Там обязательно бывал магнитофон, я пел свои десять песен, магнитофон работал, все переписывалось. Вот так постепенно, но стремительно и бурно, стало это все разрастаться. Теперь я знаю семь аккордов на гитаре — за двадцать семь лет…»[76]
Рассказ этот, наверное, не менее интересен и поучителен, чем рассказ Жоржа Брассенса. Неважно, что вместе со своей синичкой Окуджава «поджигал» синее море с противоположной стороны, со стороны, так сказать, текста, нежели влюбленный в песню юный житель прибрежного французского города Сет. Существенны здесь не капризы и версии возрождающегося жанра, детища Евтерпы, затерявшейся в тумане тысячелетий. Существенно это явно и синхронно обнаружившееся тяготение к синтезу, встречное движение к центру — поэтической песне. И признание поэта в том, что вдруг он почувствовал в себе тяготение к фольклорной ритмике, к сказовой и напевной интонации песни о синичке, — оно тоже не случайно. Если поэт Булат Окуджава и склонен анализировать подобную спонтанную потребность («просто она носилась в воздухе»), внезапно возникшую и у него, и у многих вокруг, то Окуджава — филолог, историк литературы, наверное, поставил ее, эту потребность, в определенный исторический и психологический ряд. Конечно, сама она и вправду от Евтерпы, она спряталась на долгие века, напоминая о себе отдельными вспышками или, скажем, таким атавизмом, как напевное, «с подвыванием» чтение поэтами собственных стихов. Осмеянное на эстраде и на подмостках, это «завывающее» чтение на самом деле есть память, глубинная память подсознания об «Орфее с лирой в руках», о временах мусического синкретизма. Видимо, здесь есть принципиальная грань между чтением своих и чужих стихов: актер, читающий стихи с напевом, всегда смешон, фиглярствует, а поэт, так сказать, смешон нам ошибочно, будучи на самом-то деле естественным[77].

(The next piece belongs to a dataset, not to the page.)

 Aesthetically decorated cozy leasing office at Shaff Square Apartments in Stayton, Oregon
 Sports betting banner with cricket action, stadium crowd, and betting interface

Когда поэзия осталась без музыки, а «слова и струны разъединились», стих вобрал музыку в себя, как бы аккумулировал музыку в слове. Стихотворение в этом смысле несет в себе самом песню. Музыка же, вернувшись к стиху, отбирает у него часть нагрузки, допускает, чтобы стих был чуть «реже» или «жиже». Как, скажем, текст пьесы должен быть несколько легче, «разреженнее», чем текст стихов или прозы, дабы было что делать театру, актеру и режиссеру. Пьесы, где текст подобен настойке или экстракту, как правило, несценичны, слишком хороши, сколь это ни парадоксально. Нужно чуть «облегчить» текст «Ревизора» или комедий Сухово-Кобылина, чтобы получились спектакли, которые говорят, по выражению К. С. Станиславского, «глазу, а не уху».
77
Об этом интересно и свежо пишет актриса Алла Демидова: «Мандельштам, говорят, читал свои стихи, откинув голову и нараспев, захлебываясь словами. Основное в его чтении — музыкальная фактура. Очень высоко взятая нота и статика… Записанное на пленку… стихотворение Б. Л. Пастернака „Не спи, не спи, художник…“ — чуть-чуть в нос, распевая, но очень просто… Внутренняя сосредоточенность на ритме, музыка стихотворения… Есть актерская манера исполнения стихов. Это почти всегда пересказ или показ. Иногда очень талантливый, но все-таки вторичный. Потому ли, что актеры читают чужие стихи?» (Литературная газета. 7 марта 1984 г.).